Ideological liberals also gave considerable support to Nader in 2000. Eleven percent of likely voters who described themselves as liberal -- including 21% of those who said they were "very liberal" -- supported Nader in 2000. This compares with just 4% of moderates and 2% of conservatives who intended to vote for Nader. In Gallup's final pre-election poll, Nader actually outpolled Bush among liberal voters, while the vast majority of them (78%) supported Gore.

The challenge for Nader's candidacy, surely as it was in 2000, is that his supporters tend to come from groups that are among those least likely to vote. Only 36% of 18- to 29-year-olds in Gallup's final week of tracking data could be considered likely voters, compared with 59% of 30- to 49-year-olds, 74% of 50- to 64-year-olds, and 72% of those 65 and older. Likewise, just 34% of non-leaning independents were likely to vote in 2000, compared with 67% of Republicans and Republican leaners and 61% of Democrats and Democratic leaners. Even liberals (53%) tended to score lower than moderates (56%) and conservatives (67%) on the "likely voter" scale.

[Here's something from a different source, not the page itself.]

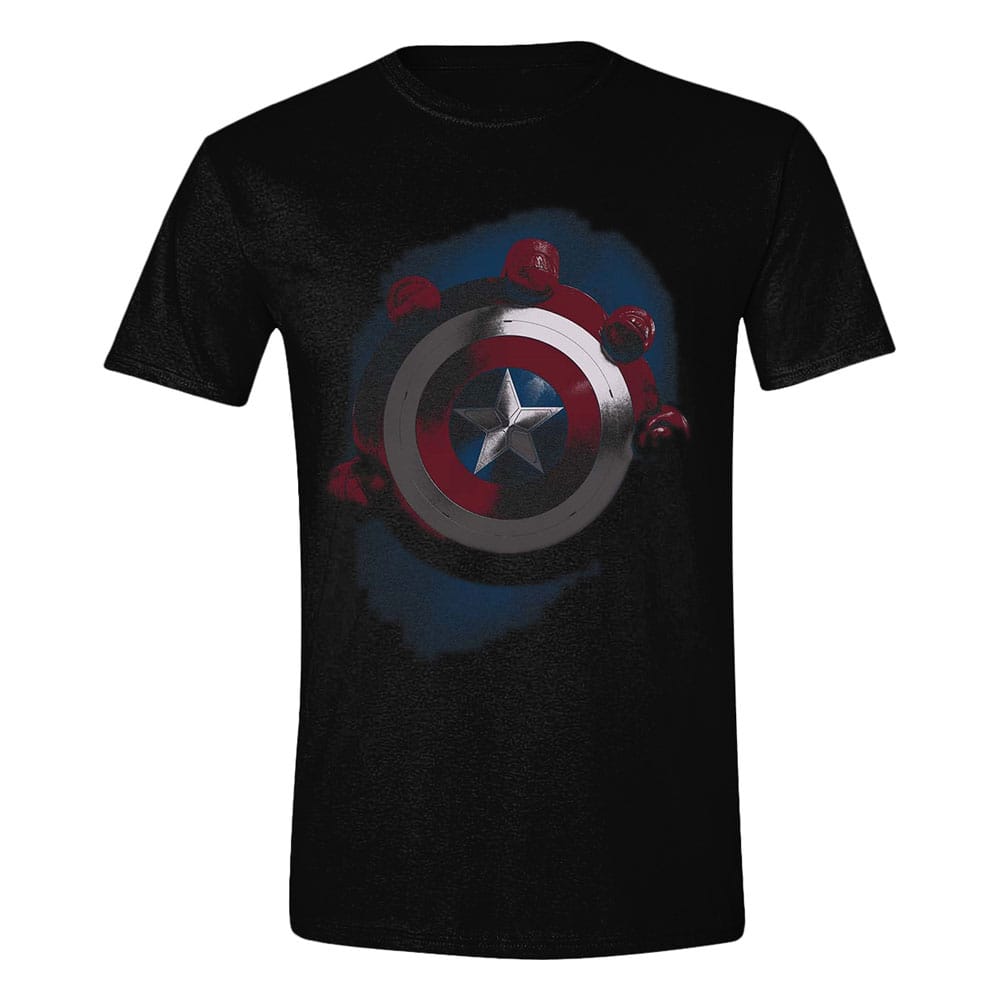 Captain America Brave New World T-Shirt Captain America Shield with Red Size S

Effects of a Nader Candidacy

Without a doubt, the deck is stacked heavily against third-party candidates in presidential elections. Since 1920, only three third-party candidates have won any electoral votes, and all were primarily regional candidates -- George Wallace in 1968, Strom Thurmond in 1948, and Robert LaFollette in 1924.

Nader's lack of regional appeal -- he polled similarly in all regions in 2000, though slightly better in the East and West than in the Midwest and South -- more or less assures he will not get any electoral votes in 2004. His greatest impact could come as a "spoiler" candidate, who could take votes away from one of the major-party candidates in a closely contested state and cause the other party to win that state. When asked in the September Gallup Poll whether Gore would be president if Nader had not run in 2000, 41% of Americans said he would and 52% said he would not. Democrats (58%) were much more likely than Republicans (24%) or independents (38%) to believe Gore would be president today if Nader had not run; this belief among Democrats may be enough to dissuade them from voting for Nader or another third-party candidate over the Democratic nominee.

Given that Nader's supporters tend to be ideologically liberal -- and thus, members of a group who overwhelmingly identify themselves as Democrats and who voted heavily for Gore in 2000 -- he continues to represent a much greater threat to the Democratic nominee than to Bush. Gallup's final 2000 election tracking poll did show Nader voters were more likely to say they would have voted for Gore than Bush if Nader had not run.

Survey Methods

These results are based on telephone interviews with a randomly selected national sample of 1,003 adults, aged 18 and older, conducted Sept. 19-21, 2003. For results based on this sample, one can say with 95% confidence that the maximum error attributable to sampling and other random effects is ±3 percentage points. In addition to sampling error, question wording and practical difficulties in conducting surveys can introduce error or bias into the findings of public opinion polls.

Results from the 2000 tracking poll are based on interviews with 8,194 national adults -- including 5,302 identified as likely voters -- conducted Oct. 31 through Nov. 5, 2000.

Results from the "likely voter" sample have a maximum margin of sampling error of ±2 percentage points.